Get to know Spark

Completed

To gain a better understanding of how to process and analyze data with Apache Spark in Azure Databricks, it's important to understand the underlying architecture.

High-level overview

From a high level, the Azure Databricks service launches and manages Apache Spark clusters within your Azure subscription. Apache Spark clusters are groups of computers that are treated as a single computer and handle the execution of commands issued from notebooks. Clusters enable processing of data to be parallelized across many computers to improve scale and performance. They consist of a Spark driver and worker nodes. The driver node sends work to the worker nodes and instructs them to pull data from a specified data source.

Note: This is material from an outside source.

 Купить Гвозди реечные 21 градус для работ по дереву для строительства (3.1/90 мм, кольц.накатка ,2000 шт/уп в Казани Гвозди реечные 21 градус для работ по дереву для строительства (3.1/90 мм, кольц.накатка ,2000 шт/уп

In Databricks, the notebook interface is typically the driver program. This driver program contains the main loop for the program and creates distributed datasets on the cluster, then applies operations to those datasets. Driver programs access Apache Spark through a SparkSession object regardless of deployment location.

Diagram of an example Apache Spark cluster, consisting of a Driver node and four worker nodes.

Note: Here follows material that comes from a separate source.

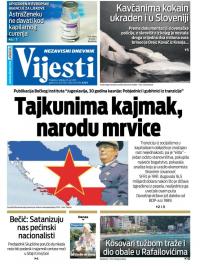 Vijesti - broj 8331, 20. jun 2021.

Microsoft Azure manages the cluster, and auto-scales it as needed based on your usage and the setting used when configuring the cluster. Auto-termination can also be enabled, which allows Azure to terminate the cluster after a specified number of minutes of inactivity.

Spark jobs in detail

Work submitted to the cluster is split into as many independent jobs as needed. This is how work is distributed across the Cluster's nodes. Jobs are further subdivided into tasks. The input to a job is partitioned into one or more partitions. These partitions are the unit of work for each slot. In between tasks, partitions may need to be reorganized and shared over the network.

The secret to Spark's high performance is parallelism. Scaling vertically (by adding resources to a single computer) is limited to a finite amount of RAM, Threads and CPU speeds; but clusters scale horizontally, adding new nodes to the cluster as needed.

Spark parallelizes jobs at two levels:

  • The first level of parallelization is the executor - a Java virtual machine (JVM) running on a worker node, typically, one instance per node.
  • The second level of parallelization is the slot - the number of which is determined by the number of cores and CPUs of each node.
  • Each executor has multiple slots to which parallelized tasks can be assigned.

Diagram of Spark cluster with tasks.

The JVM is naturally multi-threaded, but a single JVM, such as the one coordinating the work on the driver, has a finite upper limit. By splitting the work into tasks, the driver can assign units of work to *slots in the executors on worker nodes for parallel execution. Additionally, the driver determines how to partition the data so that it can be distributed for parallel processing. So, the driver assigns a partition of data to each task so that each task knows which piece of data it is to process. Once started, each task will fetch the partition of data assigned to it.

Jobs and stages

Depending on the work being performed, multiple parallelized jobs may be required. Each job is broken down into stages. A useful analogy is to imagine that the job is to build a house:

  • The first stage would be to lay the foundation.
  • The second stage would be to erect the walls.
  • The third stage would be to add the roof.

Attempting to do any of these steps out of order just doesn't make sense, and may in fact be impossible. Similarly, Spark breaks each job into stages to ensure everything is done in the right order.

Modularity

Spark includes libraries for tasks ranging from SQL to streaming and machine learning, making it a tool for data processing tasks. Some of the Spark libraries include:

  • Spark SQL: For working with structured data.
  • SparkML: For machine learning.
  • GraphX: For graph processing.
  • Spark Streaming: For real-time data processing.

Diagram of Spark libraries.

Compatibility

Spark can run on a variety of distributed systems, including Hadoop YARN, Apache Mesos, Kubernetes, or Spark's own cluster manager. It also reads from and writes to diverse data sources like HDFS, Cassandra, HBase, and Amazon S3.